Last week, the Oregon Supreme Court heard oral arguments on a pair of cases involving the Mortgage Electronic Registration Systems (MERS), an obscure organization created by lenders to streamline the bundling, buying and selling of mortgages. At issue is whether MERS can stand in for its member lenders on real estate deeds under Oregon law — and in effect trigger out-of-court foreclosures.
The central legal question in both cases is whether MERS can be considered a “beneficiary” under a 1959 law governing real estate deeds in Oregon. MERS was conceived in 1997 to track home mortgage loans and bypass local recording fees at the county level.
The Oregon Court of Appeals previously ruled on July 18 in Rebecca Niday v. GMAC Mortgage LLC that the beneficiary of a trust deed is the person to whom the debt is owed, which is not MERS. The court further ruled that lenders who use MERS to circumvent public recording can’t foreclose outside of the state court system.
If the high court rules against MERS, lenders would have to catch up on recording loan ownership in county records before pursuing a non-judicial foreclosure on any of those properties. Alternatively, they may choose to foreclose in court, as many lenders are doing already.
The Oregon Supreme Court has no deadline to decide Niday v. GMAC Mortgage, but justices usually issue a decision within nine months to one year after hearing oral arguments.

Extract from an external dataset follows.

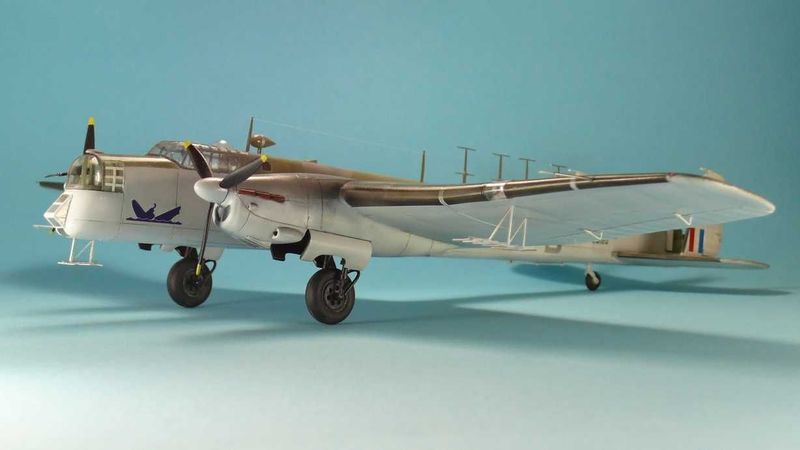 сборная модель самолёта бомбардировщика AW-38 Англия 1/72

The court could take months to decide on the cases, though it may choose to rule more quickly given the pressing nature of the foreclosure crisis.
Additionally, Oregon lawmakers could change the 1959 law in question; the 2013 session opened January 14, and lawmakers could get down to business starting February 4.
The future of thousands of foreclosure cases in Oregon are now in the hands of the state’s highest court.